Thursday, July 19, 2007

Quote: Struggle Mightily, But Ideologize Ye Not Confrontation

Struggle activates capacities, resources, ideals, and solidarities. As such, it tells us about a vital disposition, about dignity. In struggle, death is neither pursued nor desired. That is why the meaning of dead comrades is never clear, and always painful. When confrontation is ideologized, this dramatic character of struggle is banalized to the point of being postulated as exclusionary.

When this happens, there is no room for research. As is generally acknowledged, ideology and research have opposite structures: the first is constituted from a set of certainties, the second only on the basis of a grammar of questions.

Nevertheless, struggle -- the necessary and noble struggle -- does not in itself lead towards the exaltation of confrontation as the dominant meaning of life. There is no doubt that the limits may appear somewhat narrow in the case of an organization in permanent struggle, such as a piquetero organization. Yet to take this point for granted would be to prejudge.

Unlike the militant subjectivity that is usually sustained by the extreme polarization of life -- by the ideologization of confrontation -- the social practices that seek to construct another sociability are highly active in trying not to fall into the logic of confrontation, according to which the multiplicity of experience is reduced to this dominant signifier.

Confrontation by itself does not create values.

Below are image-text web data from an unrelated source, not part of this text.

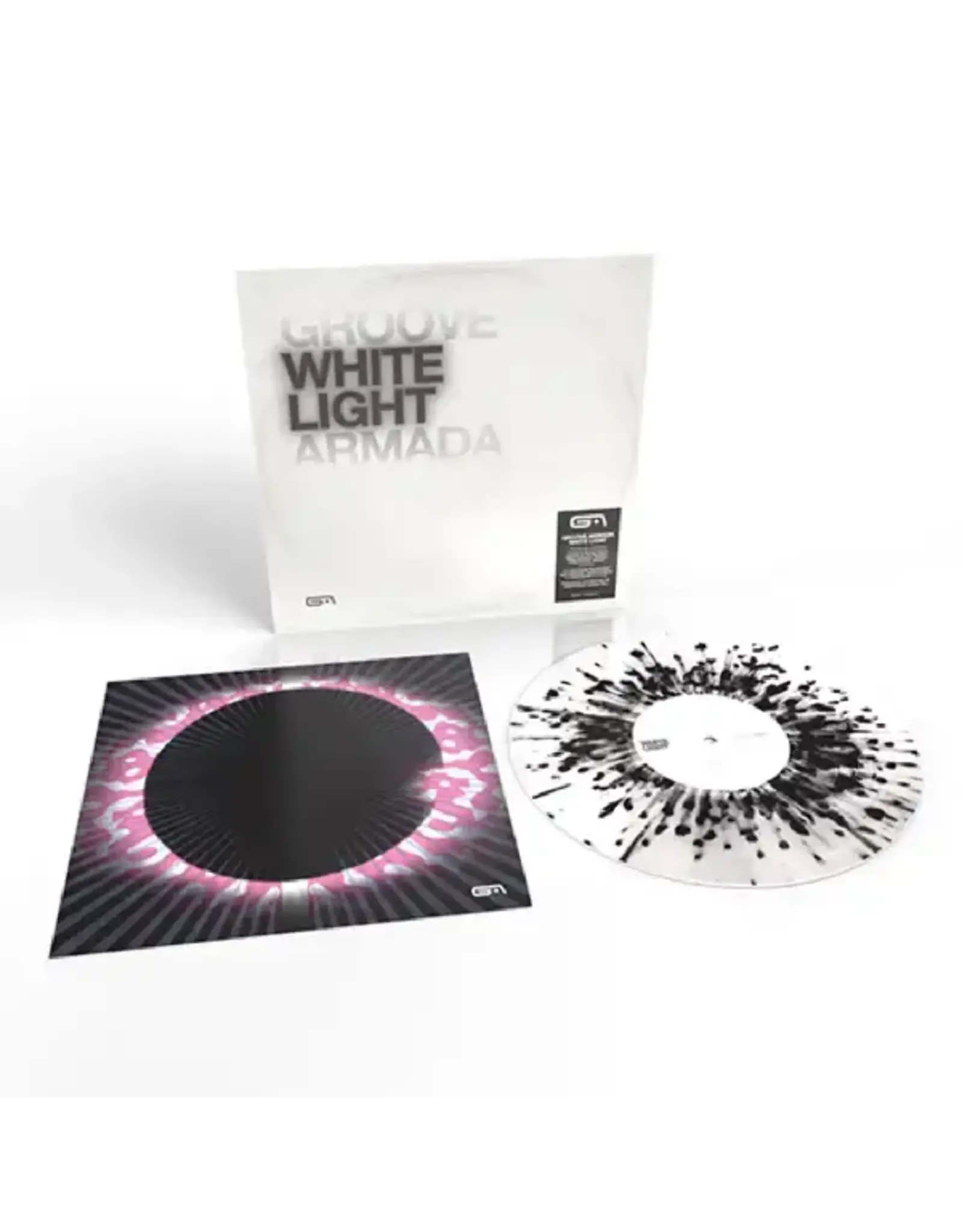 Groove Armada White Light RSD White Black Splatter Vinyl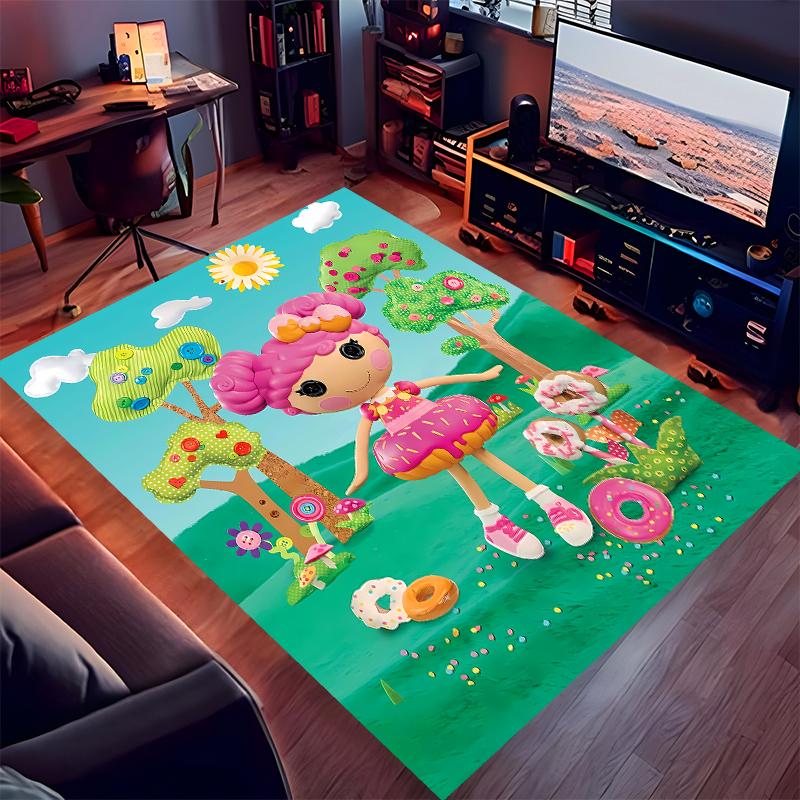 1 шт. Ковер с принтом Lalaloopsy - Мягкий, Моющийся, Нескользящий Коврик для Помещений для Офисных Стульев, Гостиной, Домашнего Офиса, Декоративный Ковер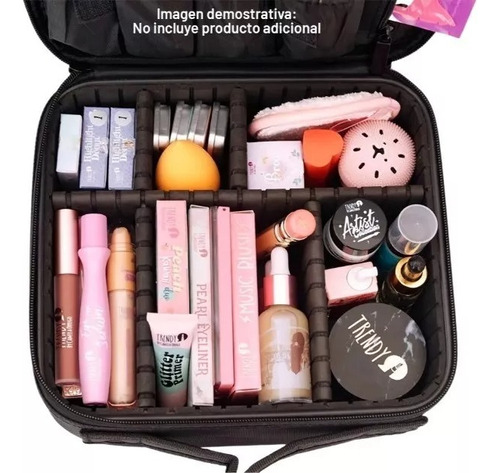 Maleta Estuche Trendy Rígido Maquillaje Portátil Organizado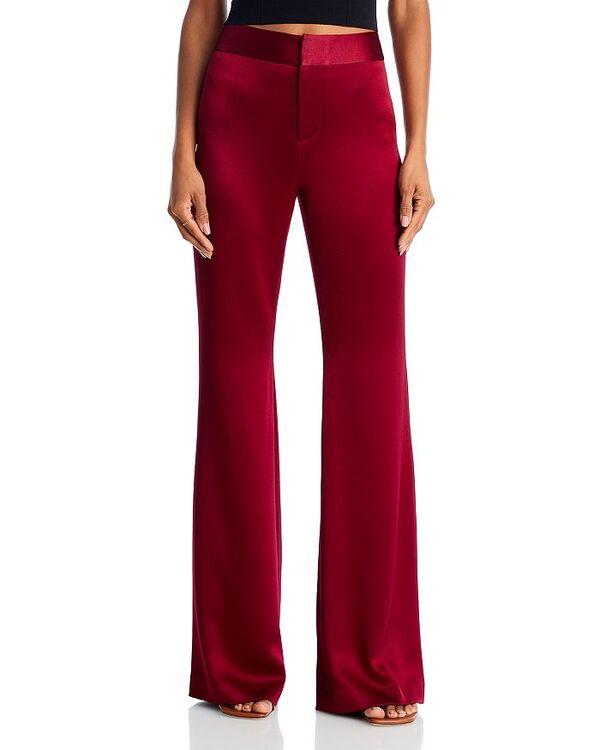 ̵ ꥹɥӥ ǥ 奢ѥ ܥȥॹ Deanna High Rise Slim Bootcut Pants Bordeaux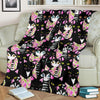 Black Cat Pattern Print Blanket-grizzshop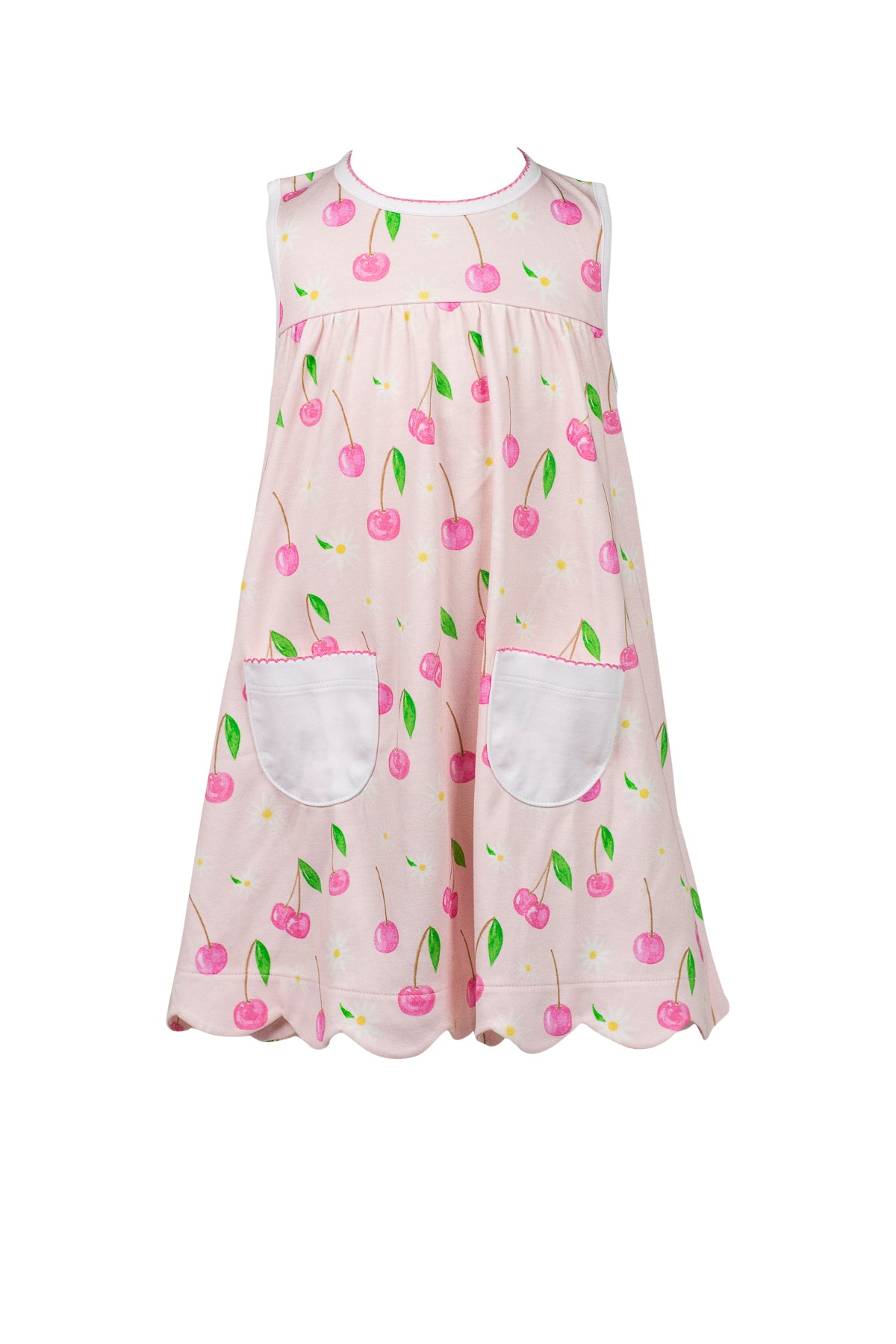 Proper Peony -Cherry Toddler girl dress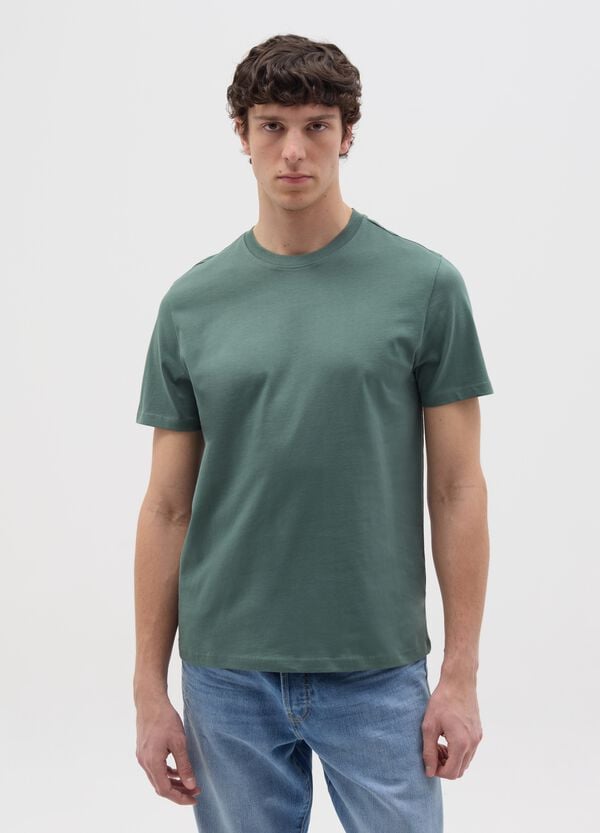 Ovs T-shirt In Cotone Bio Con Scollo Rotondo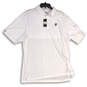 NWT Mens White Spread Collar Short Sleeve Olympic Polo Shirt Size XXL image number 1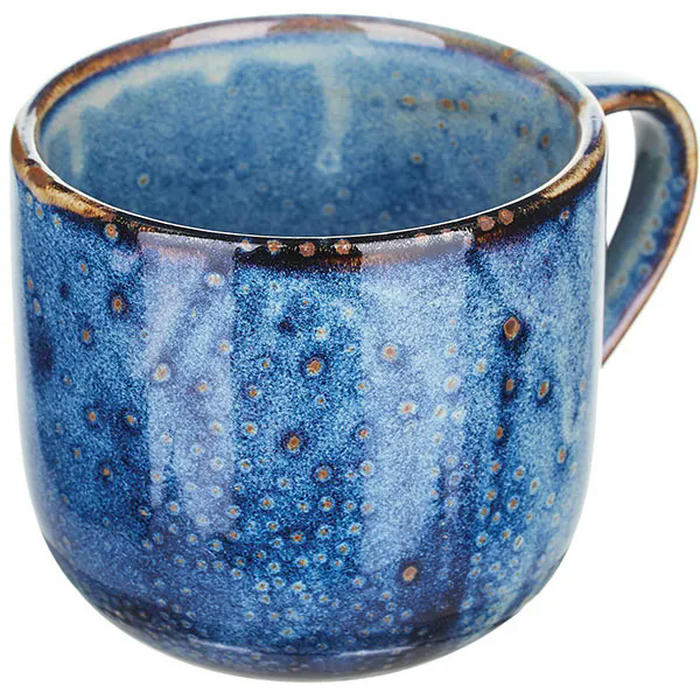 Чашка чайная «Ирис» фарфор 350мл D=9,H=8см голуб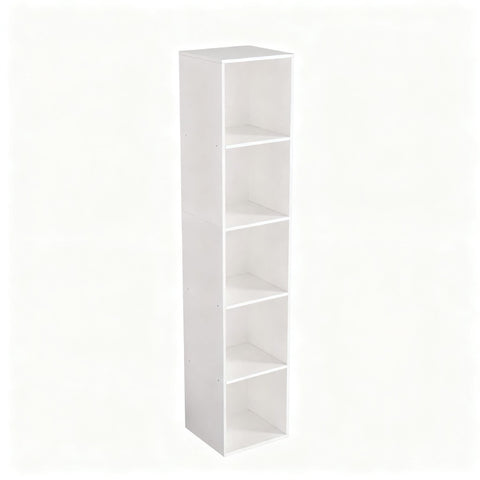 NewBeth Cube Bookshelf with a 5-cube layout for organized storage.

It does not go beyond the distribution of the dominant values.

The results of a war show who will appropriate existence -- that is, who will have the property rights as they relate to existing goods and values.

If struggle does not alter the 'structure of meanings and values,' we are only in the presence of a change of roles, which is a guarantee of survival of the structure itself.

-- Colectivo Situaciones

(This group is a collective of people in Argentina that identify as "researcher-militants." To avoid a potential misreading to which I think this quote might be prone when read in certain contexts different from that which produced it, my understanding is that it is not advocating blanket avoidence of confrontation per se in the course of struggle, but rather warning against the ideologization of confrontation and its exultation as the supreme value of struggle.)